━━━ Data provided ━━━
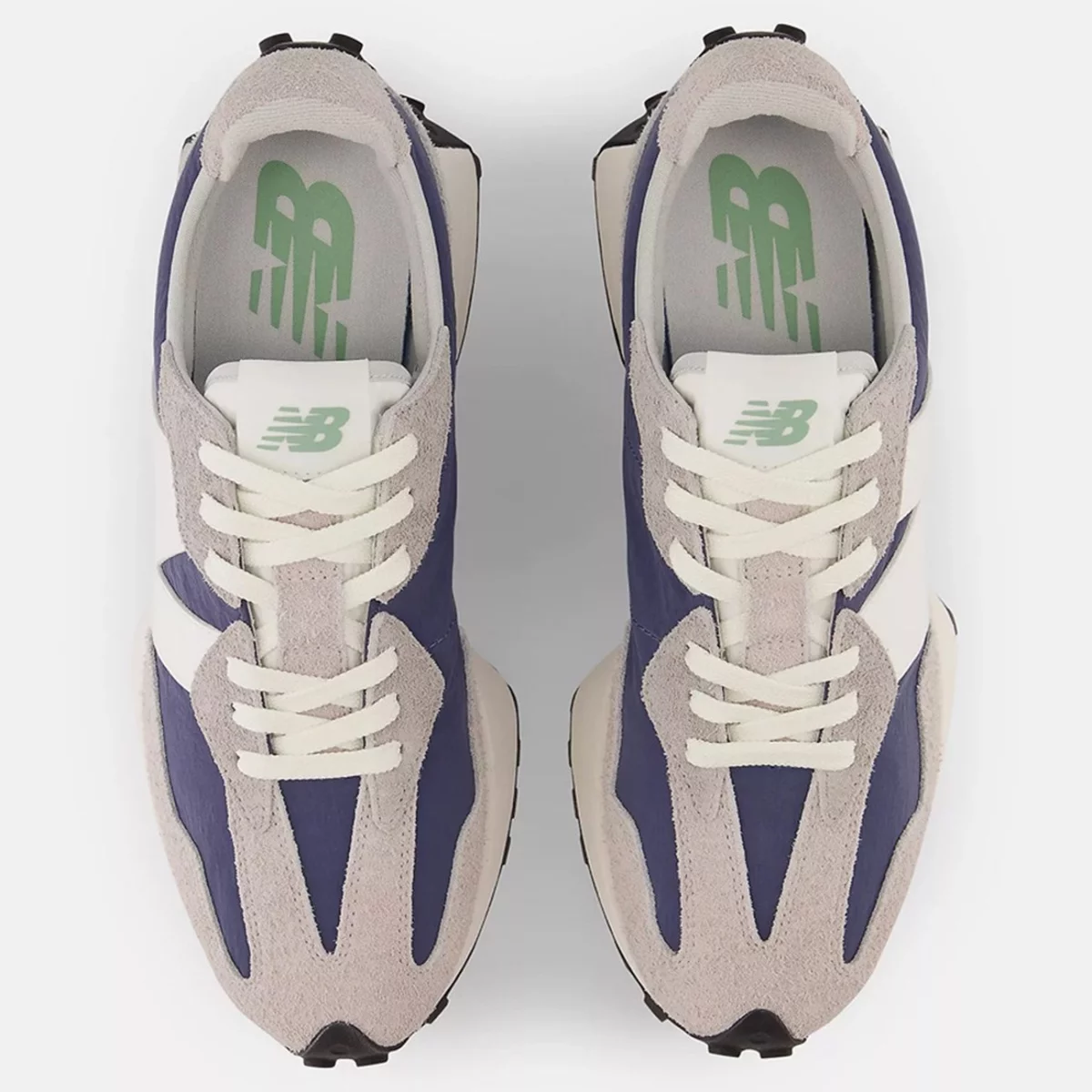 new-balance-327-papoutsi-classics-1-huge-66582ebc9767f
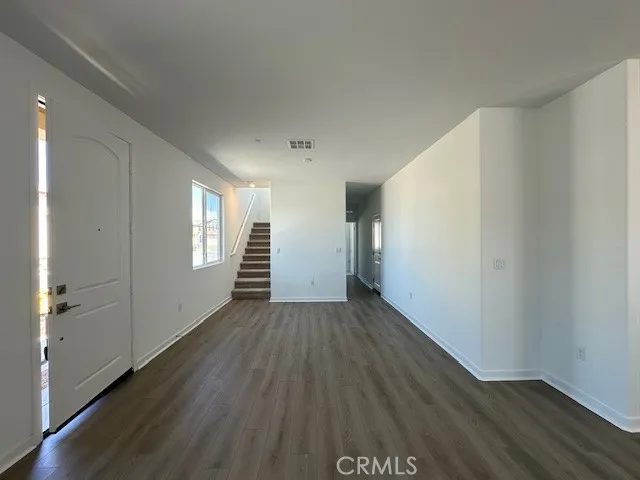 31649 Cobalite Winchester, CA 92596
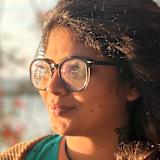Komal Jadhav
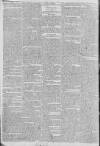Caledonian Mercury Monday 21 January 1811 Page 2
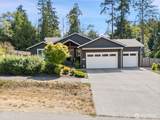 10849 NE Apple Tree Point Lane - Photo 1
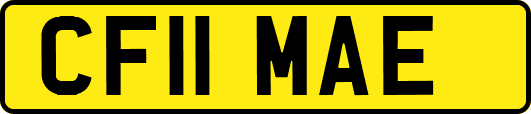 CF11MAE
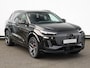 Audi Q6 e-tron S edition 83Kwh | 252 PK SUV | Luchtvering | Panorama dak | Akoestisch glas | Trekhaak |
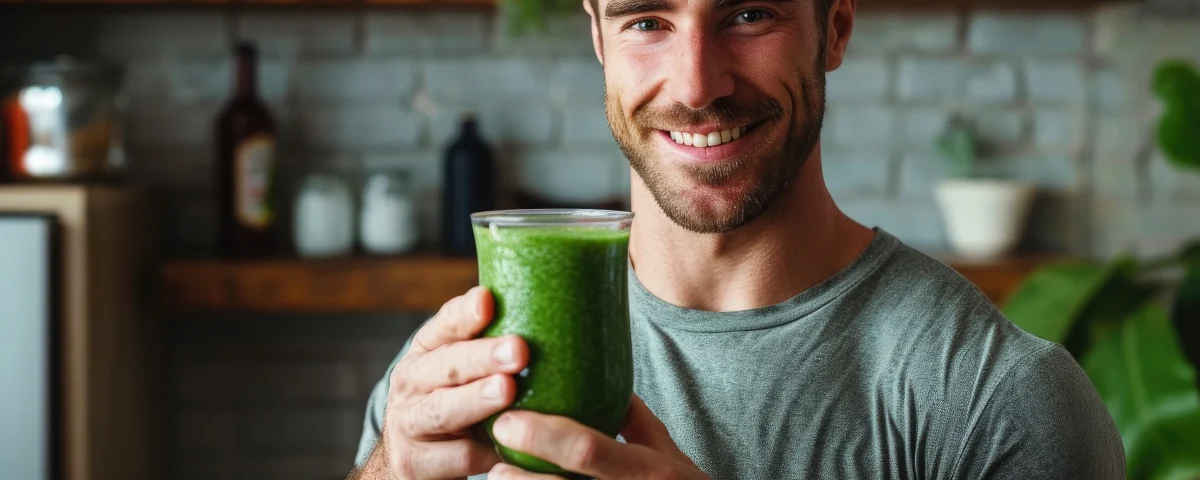spirulina-si-chlorella-pentru-slabit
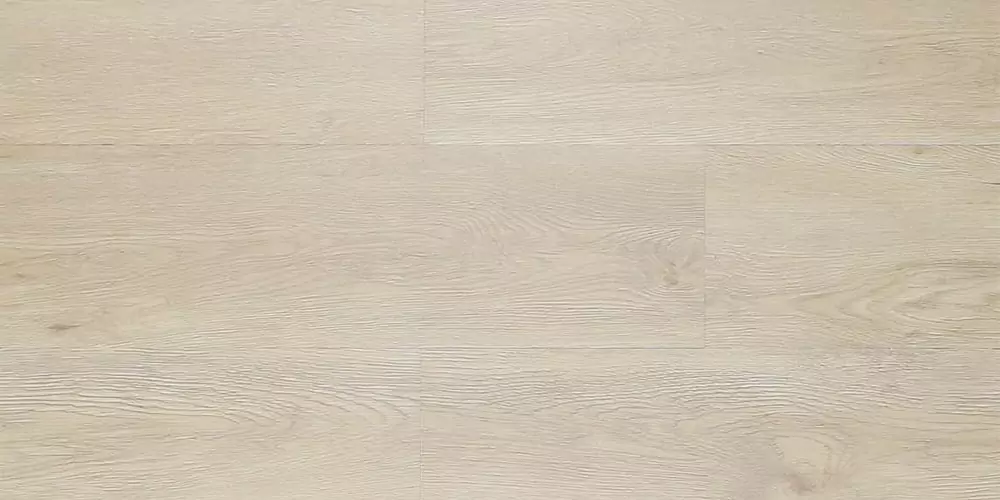 SPC ламинат Royce Rich Ellison R 6003-6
━━━
- _Problem statement_
Instructions for the copy: start at the first entry, stop after the line containing "spirulina-si-chlorella-pentru-slabit", keep every line exact, and drop the pictures.

- _Answer space_
 new-balance-327-papoutsi-classics-1-huge-66582ebc9767f
 31649 Cobalite Winchester, CA 92596
Komal Jadhav
Caledonian Mercury Monday 21 January 1811 Page 2
 10849 NE Apple Tree Point Lane - Photo 1
 CF11MAE
 Audi Q6 e-tron S edition 83Kwh | 252 PK SUV | Luchtvering | Panorama dak | Akoestisch glas | Trekhaak |
spirulina-si-chlorella-pentru-slabit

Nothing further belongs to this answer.